So how do you un-tell the story of Dracula? (Is it like when Toni Braxton used to sing about unbreaking her heart?) Well, if you’re first-time feature director Gary Shore, you begin by spinning a tale about children heisted from Transylvania by some dastardly Turks and molded into a gruesome child army, all of which is visually expressed by very inventive almost-still-but-almost-moving tableaus of kids being taught to slaughter.
One of these child soldiers, we hear, was the man who would become Vlad the Impaler (Luke Evans), heretofore known as VTI for short. As played by Evans, VTI is a sleepy sort of fellow who seems more like a narcotized and retired Robin Hood than the VTI of legend who is said to have killed between 40,000 and 100,000 people. His reputation for sadism was widely disseminated — one German pamphlet from 1521 reported: “He roasted children, whom he fed to their mothers. And cut off the breasts of women, and forced their husbands to eat them. After that, he had them all impaled.”
There’s no roasting of children here. In fact, if “Dracula Untold” is to be believed, poor VTI didn’t want to impale all those thousands of people and just wants to settle down with his beautiful wife, Mirena (Sarah Gadon), and their young son: “I just want peace, that’s all,” he says wearily. But the Turks, as led by Mehmed (Dominic Cooper), need some more child soldiers, and they have their eye on all the kids in VTI’s castle and surrounding grounds.

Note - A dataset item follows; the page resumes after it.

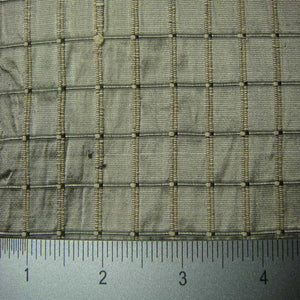 Silk Embroidered Grid Shantung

Speaking of their shared youth, VTI tells Mehmed, “All I miss is the coffee,” and then phlegmatically tries to bargain with him over the kids. But Mehmed won’t be swayed, and he has his particular eye on VTI’s son: “If you are virile, you will make plenty more,” he offers. So VTI is forced to go into a cave to consult some evil spirit called the Master Vampire (Charles Dance). According to press reports, Dance’s character was originally going to be the spirit of the Emperor Caligula, but Universal wants to make a series of films featuring their major monsters, so this character was changed into a generic vampire demon at the last minute.

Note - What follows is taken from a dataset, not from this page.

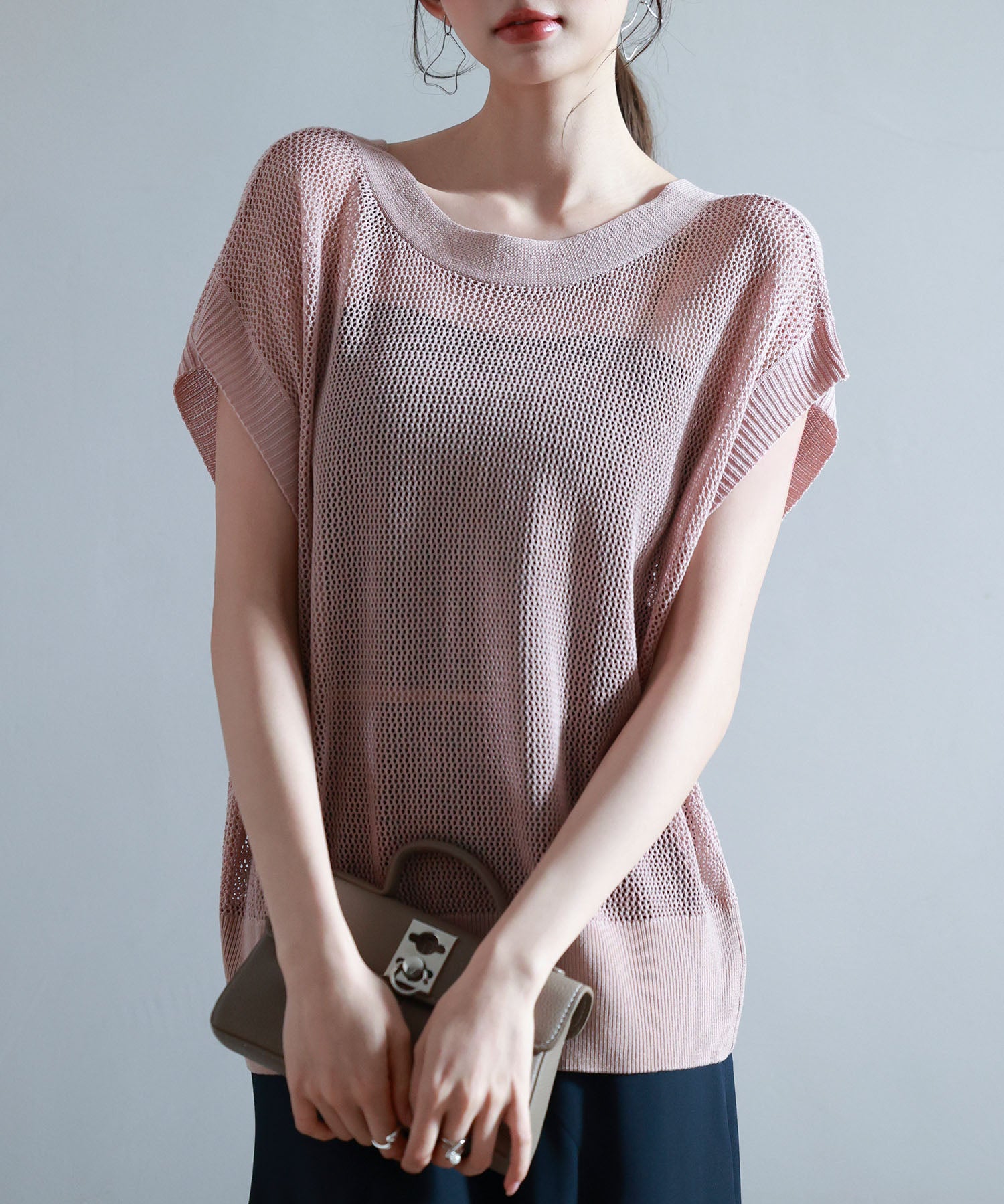 【4way】透かし編みニットカーディガンsdp8057 サーモンピンク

Dance is made up to look like a cross between the Emperor in “Return of the Jedi” and Robert Blake in “Lost Highway,” and when he pricks VTI’s neck with one of his long fingernails, he opens his mouth to unfold an extra-long tongue to give the bit of blood a lick, a nicely nasty little moment. This Master Vampire makes a bargain with VTI, giving him super-powers for three days if he drinks some blood, but with the caveat that he will be condemned to eternal vampirehood if he bites into any necks during that time. This gets dicey for VTI, particularly when he is on top of his lovely wife and suddenly becomes more aware of her tempting jugular vein than any of her other charms.
For about the first hour of its running time, “Dracula Untold” is far too restrained and tasteful, and it certainly suffers from its tediously noble hero; it’s well made but fatally lacking in thrills or excitement. There are some modest battles here and there, but only Gadon’s lovely face seems truly worthy of the camera’s time until the last half hour, when the film springs to at least half life with several very imaginative images that make use of swarms of bats. The conclusion, which jumps ahead in time and is clearly setting things up for another film, is perhaps too hopeful for what has preceded it. As the first movie in what Universal hopes might be part of a series, “Dracula Untold” is not likely to get anyone eager to see another installment, but perhaps Shore’s visual imagination might be put to better use on other projects.